Thomas Jefferson Gourmet


For the executive mansion, Jefferson in due time secured—for twenty-five dollars a month—an excellent French cook, Honoré Julien, who became a valued friend of the President’s; and a staff of nine other persons was organized. Rapin, the maître d’h’f4tel, however, remained only through the summer of 1801. Succeeding him, and directing the entire staff during Jefferson’s two administrations, was the superbly trained and admirable Etienne Lemaire. He received a monthly salary of thirty dollars. Servants’ wages, including Lemaire’s, totalled $148 per month.
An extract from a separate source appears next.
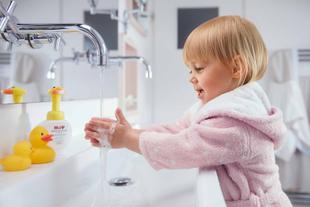 Ein kleines Kind in einem rosafarbenen Bademantel hält eine gelbe Gummiente unter einen Wasserhahn in einem Badezimmer.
The constant and lavish entertaining required enormous quantities of immaculate table linen—“napery and diapers” Jefferson called it—and Lemaire very frequently hired an extra laundress at about forty-five cents a day; but Biddy Boyle was the regular washerwoman at seven dollars a month. The only servant from Monticello was Edy, a Negro girl, seventeen years old in 1804, whom Jefferson had brought to Washington to learn French cookery from Julien. On the whole the President had preferred the considerable expense of hiring a staff in Washington to assembling one from among his own slaves. In the fall of 1806 Fanny Bowles, another slave from Monticello and Edy’s sisterin-law, joined Edy in learning French cuisine. Each of these young women was paid two dollars per month. When Jefferson retired to Monticello they became his cooks there.

The President’s salary of $25,000, seemingly magnificent for the times, was expected to cover not only openhanded hospitality to the citizenry, but upkeep, incidental repairs, and occasional furniture for the house; livery and food for the servants; a carriage and feed for the horses. No expense account in the modern sense existed.

Jefferson assiduously recorded all his varied financial transactions, whether they involved considerable sums of money, or merely fifty cents to a young grandson, or five or ten dollars in charity to one of the constant callers at the President’s House. Lemaire for his part was just as scrupulous in listing, in his large, redlabelled Day Book, every pound of meat purchased, every saddle of venison, every box of currants “ pour de la Jellé .” One hundred and fourteen pages are filled for the period 1806–9. His records also include transportation charges for wine and water; coal, wood, and “cyder” (one of Jefferson’s favorite beverages); incidental expenses for the servants; and other disbursements which the maître d’h’f4tel of an important house naturally undertook. No cellar book seems to have been needed, for Jefferson personally ordered and paid for the finest wines from abroad, and noted the rate of their consumption in his own account books. Despite a famous cellar, which, incidentally, the President had been obliged to have excavated beneath an outbuilding since there was no vault cool enough in the original building, Jefferson was temperate in his use of wine. Contemporaries observed that he was fond of wine and water, but Isaac, an old Monticello slave, put it picturesquely when he commented that he had never seen his master “disguised in drink.”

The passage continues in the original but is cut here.